The manuscript by Francisco Novo, Identification and evolutionary analysis of eight non-coding genomic elements regulating neurodevelopmental genes, describes a detailed evolutionary analysis of candidate non-coding regulatory elements. Eight regulatory elements were selected based on their proximity to three genes – TBR1, EMX2, and LMO4 – which encode transcription factors likely to play roles in nervous system development. The bulk of the study describes an analysis of publicly available genomic data to identify the location of regulatory elements, combined with an effort to characterize the evolutionary origin of these candidate enhancers using a number of sequence based analyses. Overall this study is well done and will be of substantial interest to researchers in the field.
(1) The candidate enhancers selected for detailed analysis were largely chosen based on the frequency of contacts in Hi-C data collected from human fetal brain. Novo makes the assumption that these regulatory elements, which bear the marks associated with enhancers and form loop interactions with the target genes of interest, regulate the transcription of these genes. Although there is mounting evidence to support the notion that these enhancers are more likely to regulate expression of the candidate genes (see especially Fulco CP et. al. (2016) Science, PMID# 27708057), there are undoubtedly exceptions to this assumption and no direct functional validation is available for most of the regulatory elements in the present study. The manuscript would benefit from toning down the language that implies a causal relationship between candidate enhancers and the genes of interest (including in the title). I also think that some discussion on the limitations of Hi-C data for this task, mostly noting that it is not a direct functional validation of enhancer activity, would also be useful.

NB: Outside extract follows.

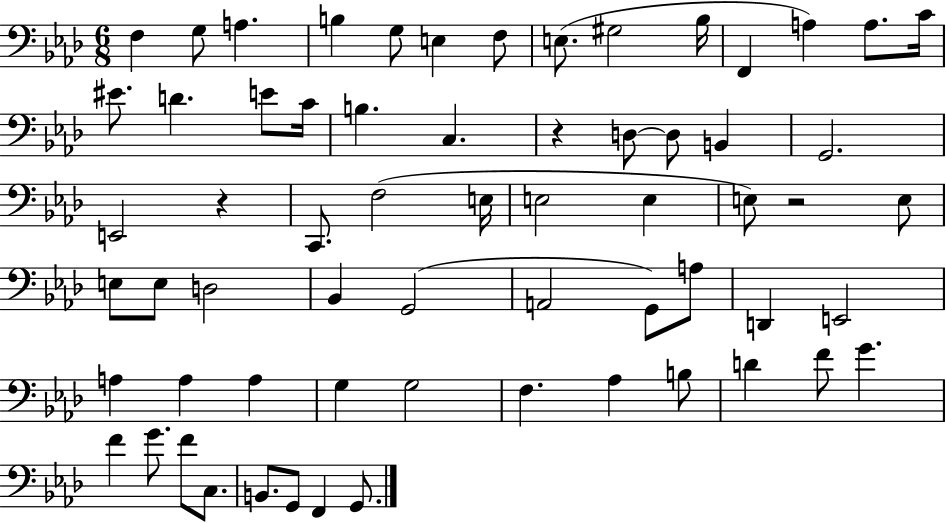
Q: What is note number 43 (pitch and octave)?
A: A3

(2) Special care should be taken when interpreting contact frequencies in the Virtual 4C plots that are nearby the anchor points (shown in Figures 2, 4 and Supplementary Fig. S6), especially near EMX2 (Fig. 4). Hi-C data, and indeed all chromosome confirmation and capture data, has a high signal in nearby regions that lie along the “diagonal” of a Hi-C heatmap. This is often interpreted by many authors as “background”. The Y-axis reads “Hi-C read value”, which I take to mean the un-normalized contact frequencies between two loci – it would be useful for readers to make it clear if normalization was applied to correct for the decay as a function of distance that is commonly found in Hi-C contact frequencies. In either case, it is possible that these contacts are biologically relevant, but this limitation should be considered carefully, and noted in the text, when interpreting the biological function of these putative loop interactions.
(3) Many enhancers in mammals recruit RNA polymerase II, which transcribes short, unstable non-coding RNAs (Kim et. al. (2010) Nature, PMID# 20393465). Could the poorly characterized non-coding RNAs overlapping several of the BREs reflect transcription of enhancer-templated RNAs transcribed from the enhancer itself?!
(4) The author tracks the evolutionary origin of DNA sequences that are identified as candidate enhancers using experiments in either human or mouse. Many enhancers that have an orthologous sequence in the genome of another species are not conserved at the functional level (see a variety of work by Duncan Odom’s lab, as well as others). While Novo is careful throughout the manuscript not to imply that DNA sequence conservation reflects functional conservation, adding an explicit note to the text that there is a major disconnect between conservation at these two levels would be useful for readers.
In addition, several of the enhancers described herein are conserved at the DNA sequence level in both human and mouse. In these cases a direct comparison between publicly available data in human and mouse may help to sort this out.
(5) Fig. 4 would be easier to read if the position of BREs near EMX2 were included.